TildeOpen LLM: Leveraging Curriculum Learning to Achieve Equitable Language Representation

This paper introduces TildeOpen LLM, a 30-billion-parameter open-weight model that achieves superior performance across 34 European languages, particularly for low-resource groups, by employing curriculum learning and dataset upsampling to address data imbalances without requiring increased computational resources.

Toms Bergmanis, Martins Kronis, Ingus J\=anis Pretkalninš, D\=avis Nicmanis, Jelizaveta Jelinska, Roberts Rozis, Rinalds V\=iksna, M\=arcis Pinnis

Published Tue, 10 Ma
📖 5 min read🧠 Deep dive

Imagine you are building a giant, super-smart library that can speak 34 different European languages. The goal of this paper is to fix a huge problem: most of these "smart libraries" (called Large Language Models or LLMs) are like snobs. They speak English perfectly, and they speak big languages like French or German well, but they stumble over smaller languages like Latvian, Estonian, or Lithuanian.

Why? Because the internet is mostly written in English. When you train a robot to learn by reading the web, it ends up reading 90% English and only a tiny bit of everything else.
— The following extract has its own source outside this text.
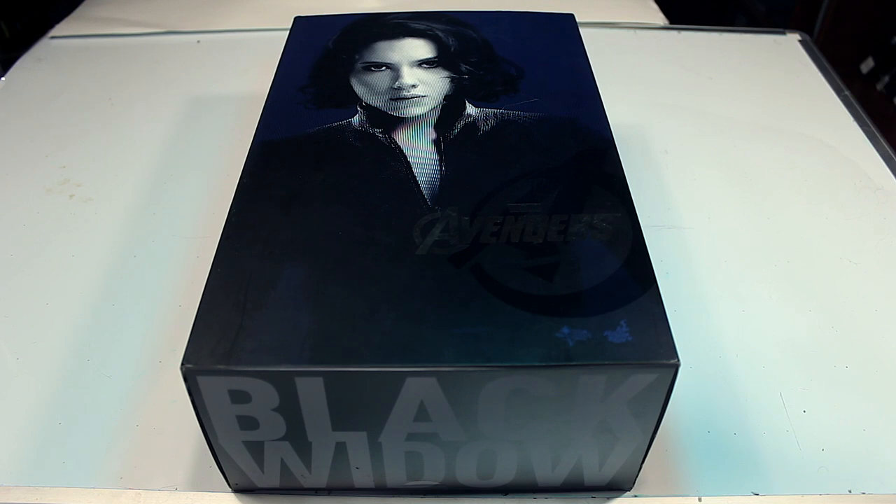And we're back everyone for another Hot Toys review. This time we're going to be reviewing the Black Widow figure from the first Avengers movie.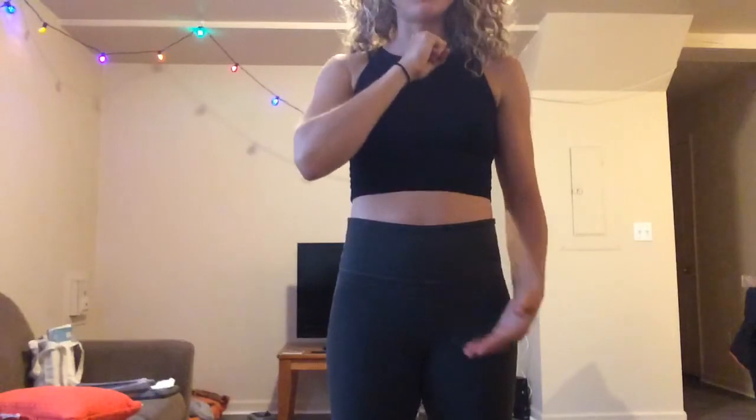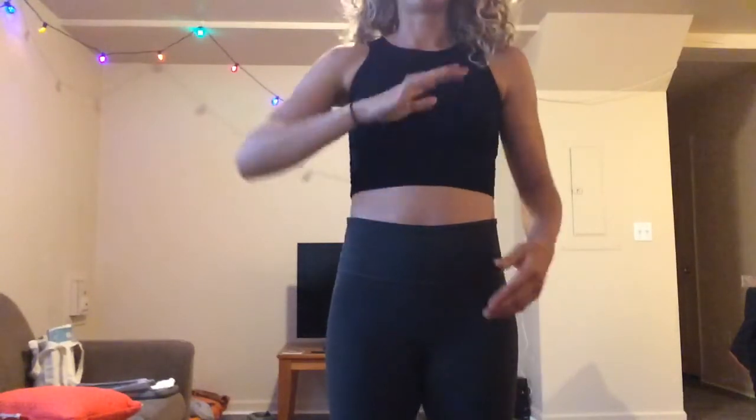The ideal is to keep all three bandhas engaged. They're energy locks — when you lock mula bandha you keep energy flowing upward, uddiyana bandha keeps energy flowing from the core, and jalandhara bandha, which you engage simply by making a quick double chin, keeps the energy swirling in the upper body. If you don't buy into the energy concept, think of them as muscle engagement strategies, or as a way of concentrating how energy flows throughout your body.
It's like trying to learn to cook by only reading Italian recipes; you'll become an Italian chef, but you'll have no idea how to make a traditional Latvian rye bread.
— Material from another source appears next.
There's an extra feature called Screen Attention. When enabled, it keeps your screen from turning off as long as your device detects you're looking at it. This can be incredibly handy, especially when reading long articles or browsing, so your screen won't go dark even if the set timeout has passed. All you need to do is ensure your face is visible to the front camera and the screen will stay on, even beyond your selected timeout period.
Here is how the team at Tilde (a Latvian tech company) built TildeOpen, a new library that treats every language with equal respect, using a few clever tricks.

1. The "Fairness" Dictionary (The Tokenizer)
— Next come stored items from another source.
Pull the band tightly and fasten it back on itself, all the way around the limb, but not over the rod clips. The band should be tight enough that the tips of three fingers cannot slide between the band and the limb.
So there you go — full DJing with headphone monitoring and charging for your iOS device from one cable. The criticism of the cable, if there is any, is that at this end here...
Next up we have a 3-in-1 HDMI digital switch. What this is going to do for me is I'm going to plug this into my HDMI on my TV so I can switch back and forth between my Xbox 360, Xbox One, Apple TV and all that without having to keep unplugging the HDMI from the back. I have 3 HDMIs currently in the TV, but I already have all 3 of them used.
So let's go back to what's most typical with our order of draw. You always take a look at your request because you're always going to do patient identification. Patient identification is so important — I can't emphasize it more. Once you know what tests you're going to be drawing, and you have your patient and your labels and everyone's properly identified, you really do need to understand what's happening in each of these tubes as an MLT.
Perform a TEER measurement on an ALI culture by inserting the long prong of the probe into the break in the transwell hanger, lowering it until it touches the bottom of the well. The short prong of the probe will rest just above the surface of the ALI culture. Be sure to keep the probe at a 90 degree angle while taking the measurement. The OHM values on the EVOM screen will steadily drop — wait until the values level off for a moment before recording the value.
First, they had to build a dictionary. In AI, words are chopped up into tiny pieces called "tokens."

  • The Problem: In standard dictionaries, a simple sentence in English might take 5 tokens, but the same sentence in Estonian might take 15 tokens. This makes the AI "stutter" and spend too much brainpower just to say a few words in smaller languages.
  • The Fix: They redesigned the dictionary so that a sentence in Latvian takes roughly the same number of tokens as a sentence in English. It's like giving everyone the same size shoe, regardless of their foot shape, so everyone can run at the same speed.

2. The "Curriculum" School Schedule (Training Strategy)

This is the paper's biggest innovation. Usually, AI training is like a chaotic buffet where the AI eats whatever is on the table. Since there is way more English food, the AI eats mostly English.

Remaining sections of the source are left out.